### [WHAT IS REQUIRED]
Each entry has to be set down again with no alteration.
----- THE DATA
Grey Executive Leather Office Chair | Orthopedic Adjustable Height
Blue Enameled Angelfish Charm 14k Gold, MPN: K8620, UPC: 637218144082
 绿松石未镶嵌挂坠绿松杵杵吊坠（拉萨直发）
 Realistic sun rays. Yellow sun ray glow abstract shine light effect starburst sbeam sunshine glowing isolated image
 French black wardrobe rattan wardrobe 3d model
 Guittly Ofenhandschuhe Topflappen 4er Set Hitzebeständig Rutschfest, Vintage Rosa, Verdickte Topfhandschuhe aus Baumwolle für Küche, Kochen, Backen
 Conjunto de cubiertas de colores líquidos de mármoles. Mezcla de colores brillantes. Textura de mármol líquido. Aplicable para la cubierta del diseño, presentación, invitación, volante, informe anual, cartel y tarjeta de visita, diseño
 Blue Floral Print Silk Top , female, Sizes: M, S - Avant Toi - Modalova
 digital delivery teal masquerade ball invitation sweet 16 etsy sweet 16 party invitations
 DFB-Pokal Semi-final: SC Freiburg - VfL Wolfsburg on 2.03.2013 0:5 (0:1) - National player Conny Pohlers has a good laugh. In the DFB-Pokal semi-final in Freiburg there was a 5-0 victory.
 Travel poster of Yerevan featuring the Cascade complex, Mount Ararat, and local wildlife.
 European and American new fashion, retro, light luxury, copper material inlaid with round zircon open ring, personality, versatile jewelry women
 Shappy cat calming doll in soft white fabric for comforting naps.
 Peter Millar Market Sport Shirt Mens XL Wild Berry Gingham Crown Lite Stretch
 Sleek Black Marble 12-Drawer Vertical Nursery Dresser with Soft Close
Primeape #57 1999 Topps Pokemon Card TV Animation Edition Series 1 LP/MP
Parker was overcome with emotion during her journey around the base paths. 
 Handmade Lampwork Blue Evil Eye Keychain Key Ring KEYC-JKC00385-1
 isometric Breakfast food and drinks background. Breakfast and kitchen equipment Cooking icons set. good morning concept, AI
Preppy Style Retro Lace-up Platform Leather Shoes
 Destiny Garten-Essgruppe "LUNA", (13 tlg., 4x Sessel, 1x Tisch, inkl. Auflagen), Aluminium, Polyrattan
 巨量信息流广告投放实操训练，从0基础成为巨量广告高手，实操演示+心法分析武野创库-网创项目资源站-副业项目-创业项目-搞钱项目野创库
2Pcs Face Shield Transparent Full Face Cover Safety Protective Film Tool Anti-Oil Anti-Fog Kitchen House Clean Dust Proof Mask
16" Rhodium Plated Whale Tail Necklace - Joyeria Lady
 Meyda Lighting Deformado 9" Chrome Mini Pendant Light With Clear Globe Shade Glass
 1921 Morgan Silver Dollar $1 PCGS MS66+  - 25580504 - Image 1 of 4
----------
### [OUTPUT FOR THIS TASK]
Grey Executive Leather Office Chair | Orthopedic Adjustable Height
Blue Enameled Angelfish Charm 14k Gold, MPN: K8620, UPC: 637218144082
 绿松石未镶嵌挂坠绿松杵杵吊坠（拉萨直发）
 Realistic sun rays. Yellow sun ray glow abstract shine light effect starburst sbeam sunshine glowing isolated image
 French black wardrobe rattan wardrobe 3d model
 Guittly Ofenhandschuhe Topflappen 4er Set Hitzebeständig Rutschfest, Vintage Rosa, Verdickte Topfhandschuhe aus Baumwolle für Küche, Kochen, Backen
 Conjunto de cubiertas de colores líquidos de mármoles. Mezcla de colores brillantes. Textura de mármol líquido. Aplicable para la cubierta del diseño, presentación, invitación, volante, informe anual, cartel y tarjeta de visita, diseño
 Blue Floral Print Silk Top , female, Sizes: M, S - Avant Toi - Modalova
 digital delivery teal masquerade ball invitation sweet 16 etsy sweet 16 party invitations
 DFB-Pokal Semi-final: SC Freiburg - VfL Wolfsburg on 2.03.2013 0:5 (0:1) - National player Conny Pohlers has a good laugh. In the DFB-Pokal semi-final in Freiburg there was a 5-0 victory.
 Travel poster of Yerevan featuring the Cascade complex, Mount Ararat, and local wildlife.
 European and American new fashion, retro, light luxury, copper material inlaid with round zircon open ring, personality, versatile jewelry women
 Shappy cat calming doll in soft white fabric for comforting naps.
 Peter Millar Market Sport Shirt Mens XL Wild Berry Gingham Crown Lite Stretch
 Sleek Black Marble 12-Drawer Vertical Nursery Dresser with Soft Close
Primeape #57 1999 Topps Pokemon Card TV Animation Edition Series 1 LP/MP
Parker was overcome with emotion during her journey around the base paths. 
 Handmade Lampwork Blue Evil Eye Keychain Key Ring KEYC-JKC00385-1
 isometric Breakfast food and drinks background. Breakfast and kitchen equipment Cooking icons set. good morning concept, AI
Preppy Style Retro Lace-up Platform Leather Shoes
 Destiny Garten-Essgruppe "LUNA", (13 tlg., 4x Sessel, 1x Tisch, inkl. Auflagen), Aluminium, Polyrattan
 巨量信息流广告投放实操训练，从0基础成为巨量广告高手，实操演示+心法分析武野创库-网创项目资源站-副业项目-创业项目-搞钱项目野创库
2Pcs Face Shield Transparent Full Face Cover Safety Protective Film Tool Anti-Oil Anti-Fog Kitchen House Clean Dust Proof Mask
16" Rhodium Plated Whale Tail Necklace - Joyeria Lady
 Meyda Lighting Deformado 9" Chrome Mini Pendant Light With Clear Globe Shade Glass
 1921 Morgan Silver Dollar $1 PCGS MS66+  - 25580504 - Image 1 of 4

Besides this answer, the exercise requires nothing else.